The #1 Leadership Communication Mistake

I have come to the conclusion that there is one pretty universal communication mistake that is the most damaging and causes the most mischief for leaders.

Are you ready?  The mistake is:  not preparing well.  Yes, I know this is not very sexy, but it is incredibly ubiquitos.  People just don’t think about preparing in advance for a crucial conversation, and they typically don’t invest nearly enough time in preparing for a high-stakes presentation or Q & A session.

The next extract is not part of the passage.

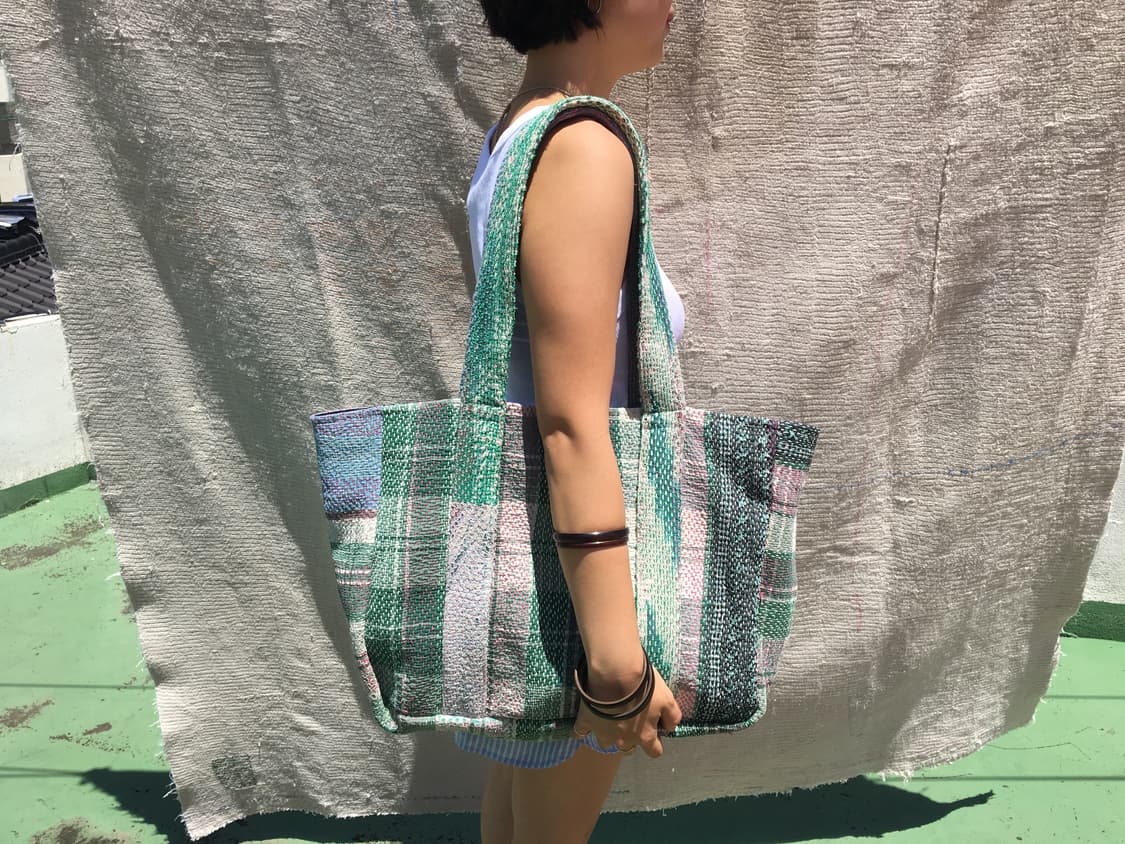 빈티지 칸타 백 상품이미지3
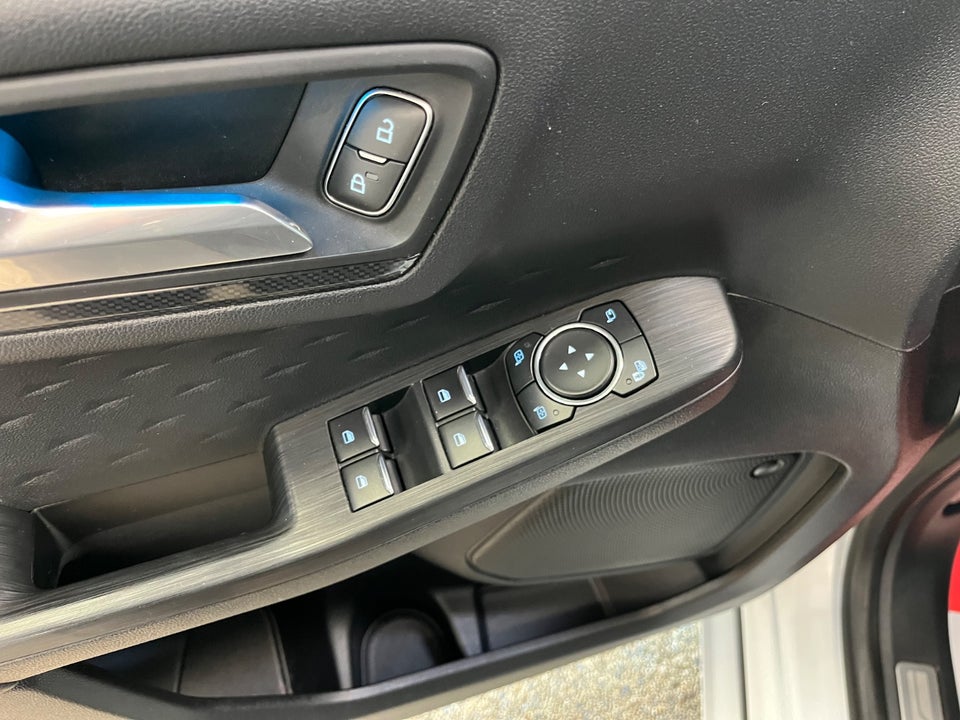 Ford Kuga 2,5 PHEV ST-Line CVT 5d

Think about it this way:  there are probably 5%, maybe 10% at the most, of your communications that are truly extremely important.  Situations where careers, or very large amounts of money are at stake.  My most frequent and important advice is, invest the time to prepare properly for these moments.  The more important the communication, the more time you should invest preparing for it.  More specifically:

  1. For a 1-1 meeting, decide what you will say in advance; and role play the conversation with a skilled communicator whom you trust.  Do the role play as if you were having the actual conversation–don’t just talk about what you plan to say.  Do it fully in role.  Then have them give you feedback, and role play it again.  Practice until you’ve got it down.  It will make for a better outcome, and will also greatly enhance your confidence level going into the conversation, because you have already done it!
  2. For an important Q & A session, write down the questions that you are mostly likely to be asked, and also the questions you most fear.  Then map out your answers, and practice them out loud, again with someone who can give you feedback.  Practice the same question and answer several times, until you really nail it, then move to the next question.  When you have them all, then practice answering a series of questions.
  3. For a presentation, deliver the whole presentation several times, also out loud.  Practicing it in your head is not the same as practicing it aloud, because you are not rehearsing the actual behavior you are preparing for.  And again, if possible, have someone in the room who can give you candid feedback.